There is a great book about this called "Right It" by Alberto Savoia. One of the main points is that you need to get your own data and other people's data have very limited value. So, approaches like market research, hiring agencies, analysing competitors all sound like nice shortcuts to get the job done quickly but have a big risk of being misleading.

The "Right It" way is to define a hypothesis and go out and test it the easiest and cheapest way you can do. It sounds like more work but will give you additional insights from your target customers that will be most valuable to the idea you want to test and you can't find this information anywhere else because nobody else is trying exactly what you want to try.

[–] Apprehensive_Yak_276@alien.top 1 points 11 months ago

From what I've learned, what people mean by testing the market is to create a landing page / prototype to address the business pain point of their target profile or audience.

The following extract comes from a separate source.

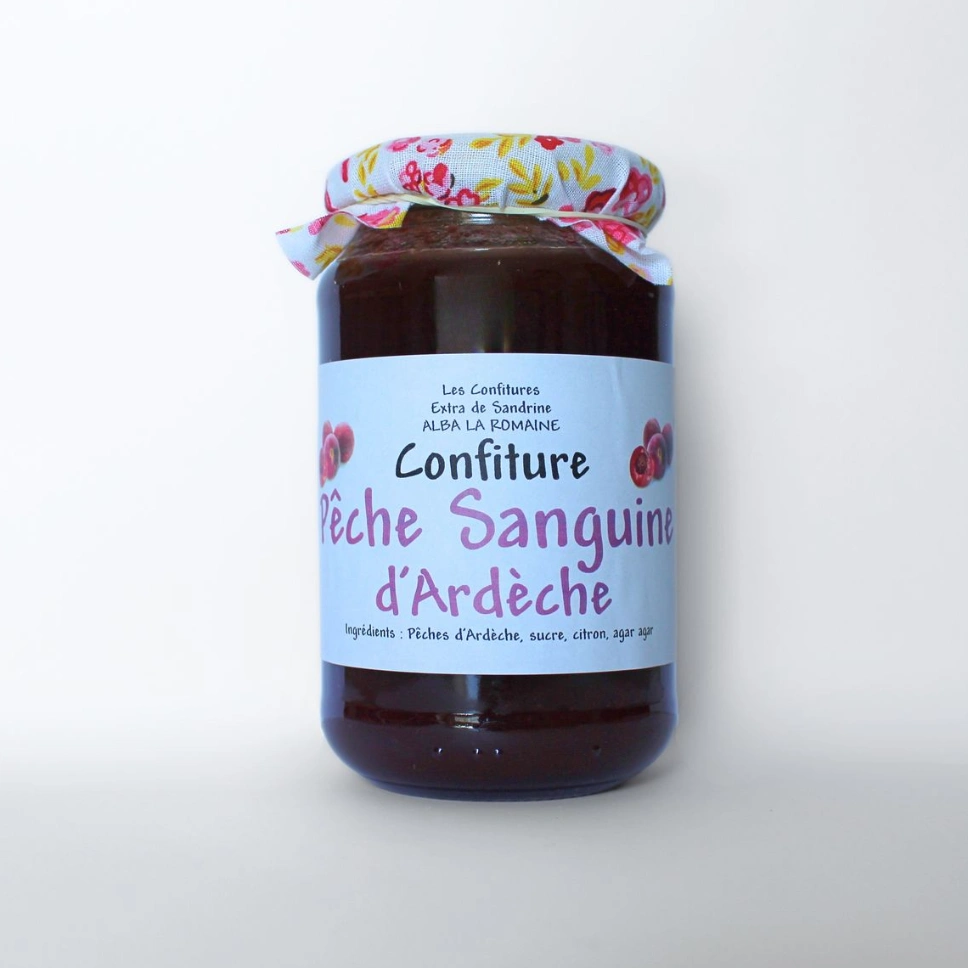 [24] Confiture Extra Pêche Sanguine d'Ardèche - 350 g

You'd need some capital for this and a threshold to determine if what you're building is worth continuing or not e.g. Using $X amount of dollars, we expect 20 sales/leads from our ad campaign. Or use other low-cost methods like cold calling / email marketing. What matters is that some kind of threshold between success / failure or 'pivot' is established.

But in the midst of doing this you'd need to develop your marketing skill-ability or hire an agency. But I advise to develop your own sales competency as this will forever be the most vital cog in any business.

For good marketing research, I had to read and watch the best sales and copywriting books / videos to pick templates (they are many of them) that now work in my favour. And I'll tell you this, great marketing research is time consuming and boring, but the rewards are always worth it.